Murder of Rosie Palmer - Aftermath

Aftermath

A report in the psychiatric care given to Armstrong was published in June 1996, two years after he murdered Rosie Palmer, and the local Health Authority criticised the standard of care as "inadequate and full of shortcomings", but added that the murder of Rosie Palmer "could not have been predicted".

In June 1997, Rosie's mother Beverley launched a £200,000 compensation claim against Tees health authority and Hartlepool and East Durham NHS trust, alleging negligence for allowing Armstrong to be released from their care. This is thought to be the first damages claim against a health authority or NHS trust by a relative of someone murdered by a released patient. The claim was struck out in February 1998 by High Court official Master Hodgson who ruled that Armstrong had made no direct threat against Rosie and her family. He said: "In the absence of such a specific threat I think it is impossible, as the law currently stands, for me to hold that the hospital in these circumstances owes effectively a duty (of care) to the world at large." In June 1999 the case was heard again at the Court of Appeal. On 1 July 1999 Lord Justice Stuart-Smith upheld the previous High Court ruling that there was no connection between the health authority or the hospital and Rosie.

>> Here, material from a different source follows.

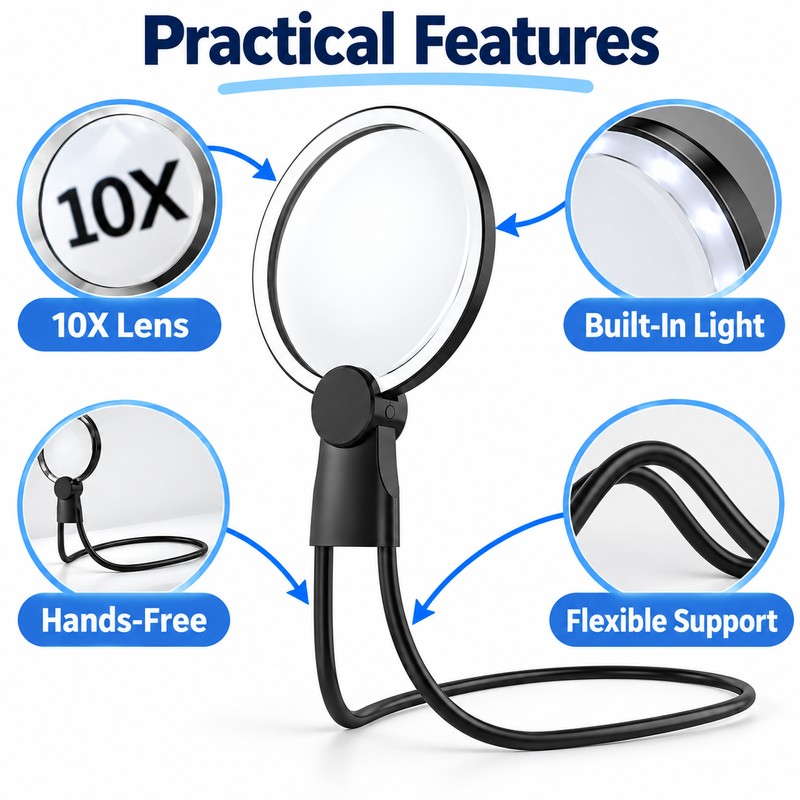 10X Neck Wearing Magnifying Glass, Rechargeable Hands-Free Magnifier for Reading,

After a number of years during which very little was reported about the Rosie Palmer murder case, Armstrong returned to the headlines in September 2001 when he was granted Legal Aid to pursue a £15,000 compensation claim against Bernard O'Mahoney for "breach of confidence". Armstrong's solicitors backed up the case by claiming that O'Mahoney had pretended to be a woman and allowed police to see a written statement (the letter in which Armstrong admitted to killing Rosie Palmer, as well as his plan to feign mental illness) which was supposed to be kept secret.

The case was dropped in June 2002 after Armstrong decided he no longer wanted to pursue O'Mahoney for damages. Armstrong also dropped his bid to prevent O'Mahoney from publishing a book - Flowers in God's Garden - which included a section about Shaun Armstrong and the Rosie Palmer murder. By this stage, the proceedings had already cost thousands of pounds worth of taxpayers' money.

In March 2010, with Armstrong's earliest possible release date just four months away, Rosie Palmer's mother Beverley Yates oversaw the launch of a campaign in Hartlepool for Shaun Armstrong to be placed on the sex offender's register when and if he is paroled - as the law stands he will not go onto the register once released, because he was not convicted of a sexual offence.